We conduct comprehensive evaluations, including expert evaluations and evaluations on multiple benchmark datasets. The results show that our model outperforms 16 existing methods and achieves state-of-the-art performance. In expert evaluations, GutGPT improves diagnostic accuracy by 9.59% compared to the baselines. On two public medical QA datasets, CMB and CMExam, it achieves an average accuracy improvement of 22.47%.

Conclusions

GutGPT achieves high accuracy in managing GI disease patients and demonstrates strong empathy. It serves as an important auxiliary tool for both patients and physicians in disease management.

Abstract Image

查看原文本刊更多论文

GutGPT：用于胃肠医学的多维知识增强大语言模型

胃肠道疾病是一种常见的慢性疾病，需要个性化的长期管理，给传统卫生保健系统带来了沉重的负担。虽然大型语言模型（llm）提供了通过个性化和移情指导来支持患者护理的潜力，但现有模型通常缺乏胃肠道疾病的领域特定知识，并且存在缓慢收敛和过拟合等问题。我们首先构建了一个高质量的胃肠道疾病QA数据集，包括来自不同来源的191,615个条目：现实世界的医患对话、医学知识图谱、医疗指南和中国医师执照考试数据。然后，我们引入了一种基于低阶自适应（Low-Rank Adaptation, LoRA）技术、自关注机制参数共享的从百川- 13b - chat中微调的LLM——GutGPT。为了评估GutGPT和其他现有llm的性能，我们使用专家评估和公共数据集测试相结合的方法来综合评估每个模型的准确性和同理心。结果我们进行了综合评估，包括专家评估和对多个基准数据集的评估。结果表明，我们的模型优于现有的16种方法，达到了最先进的性能。在专家评估中，与基线相比，GutGPT的诊断准确率提高了9.59%。在CMB和CMExam两个公共医疗QA数据集上，平均准确率提高了22.47%。结论gutgpt对胃肠道疾病患者的管理具有较高的准确性和较强的共情能力。它是一种重要的辅助工具，为病人和医生在疾病管理。
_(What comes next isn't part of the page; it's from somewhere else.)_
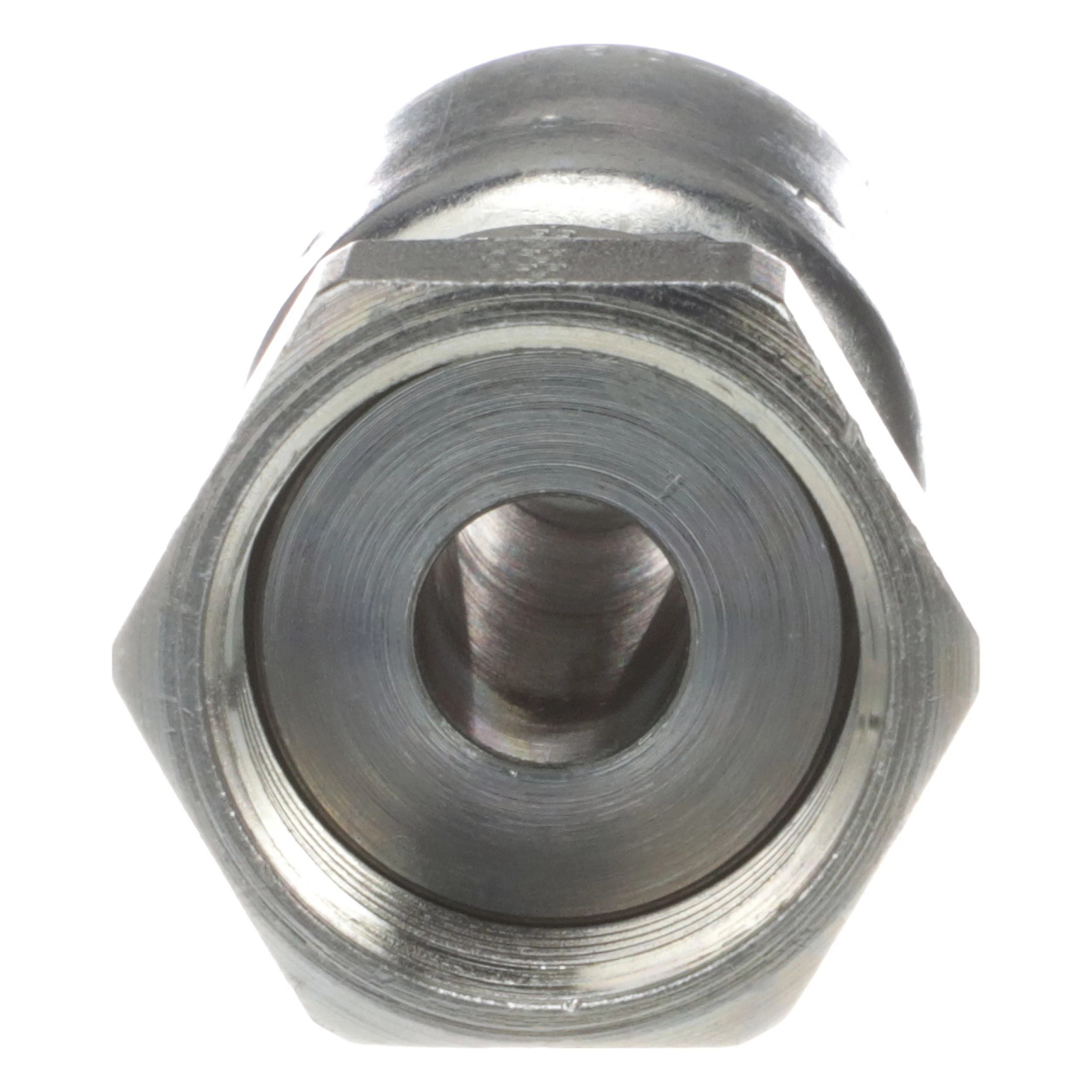 FITTING | NEWHOLLANDAG | GB | EN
本文章由计算机程序翻译，如有差异，请以英文原文为准。

求助全文

约1分钟内获得全文求助全文

来源期刊

Journal of Biomedical Informatics 医学-计算机：跨学科应用

CiteScore

8.90

自引率

6.70%

发文量

243

审稿时长

32 days

期刊介绍： The Journal of Biomedical Informatics reflects a commitment to high-quality original research papers, reviews, and commentaries in the area of biomedical informatics methodology. Although we publish articles motivated by applications in the biomedical sciences (for example, clinical medicine, health care, population health, and translational bioinformatics), the journal emphasizes reports of new methodologies and techniques that have general applicability and that form the basis for the evolving science of biomedical informatics. Articles on medical devices; evaluations of implemented systems (including clinical trials of information technologies); or papers that provide insight into a biological process, a specific disease, or treatment options would generally be more suitable for publication in other venues. Papers on applications of signal processing and image analysis are often more suitable for biomedical engineering journals or other informatics journals, although we do publish papers that emphasize the information management and knowledge representation/modeling issues that arise in the storage and use of biological signals and images. System descriptions are welcome if they illustrate and substantiate the underlying methodology that is the principal focus of the report and an effort is made to address the generalizability and/or range of application of that methodology. Note also that, given the international nature of JBI, papers that deal with specific languages other than English, or with country-specific health systems or approaches, are acceptable for JBI only if they offer generalizable lessons that are relevant to the broad JBI readership, regardless of their country, language, culture, or health system.